And the artists who will inaugurate Siren Arts this summer—that programming is already in place—will also be known to D.C. viewers. The first show, Summer of Radical Love, opens June 24 and pairs John Chaich, the curator behind the popular roving Queer Threads exhibit, with J. Morrison, a New York–based artist who showed a femme and feline installation called “HomoCats” at Transformer in February. Next on deck is D.C. brat-pack NoMüNoMü.

Transformer’s June 10 collaboration with the Hirshhorn bears all the signatures of a Transformer event: a bit of serendipity, internationalism, and hustle. Reis says that the museum’s deputy director, Elizabeth Duggal, pitched her on the prospect of a joint effort last summer.
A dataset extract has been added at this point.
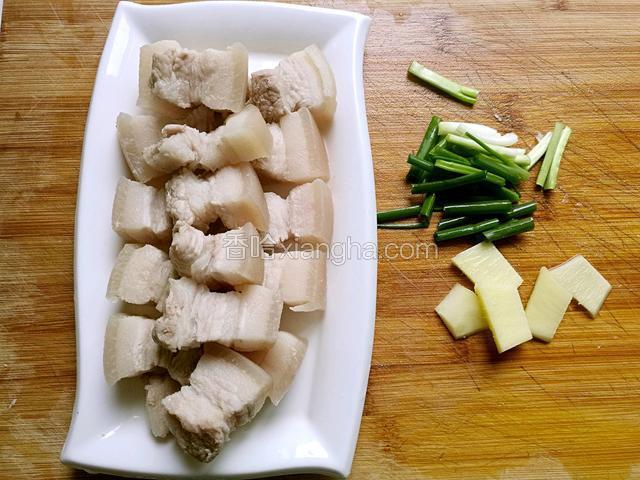 五花肉捞出后，用温水清洗然后控干，葱切断，姜切片。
She and several artists had just returned from Rome on a program funded by the D.C. Commission on the Arts and Humanities. While she was there, the city of Rome was celebrating its umpteenth-thousandth birthday. 

“There was a huge celebration on the Tiber, and William Kentridge did this gorgeous mural project along the banks,” Reis says. “He basically did a stencil by doing a power wash of who knows how many years of dirt and debris [off the walls]. What was left behind were these images of Remus and Romulus—incredible.” She adds, “As part of the birthday celebration, there was this really goth processional of artists carrying lights and shadow projections along the banks of the Tiber”—which is where she got the idea for Transformer’s birthday party.

“Everyone soon or late comes round by Rome,” said Robert Browning. But fewer poets make a point of sailing between the District of Columbia and New Jersey. That’s Reis’ idea of living and, she hopes, a way of strengthening artist connections along the East Coast. Just as she’s done through Transformer over the last 15 years, but only more so.

“People are excited to go to Europe and here and there,” Reis says. “I’m excited to go to the Jersey Shore.”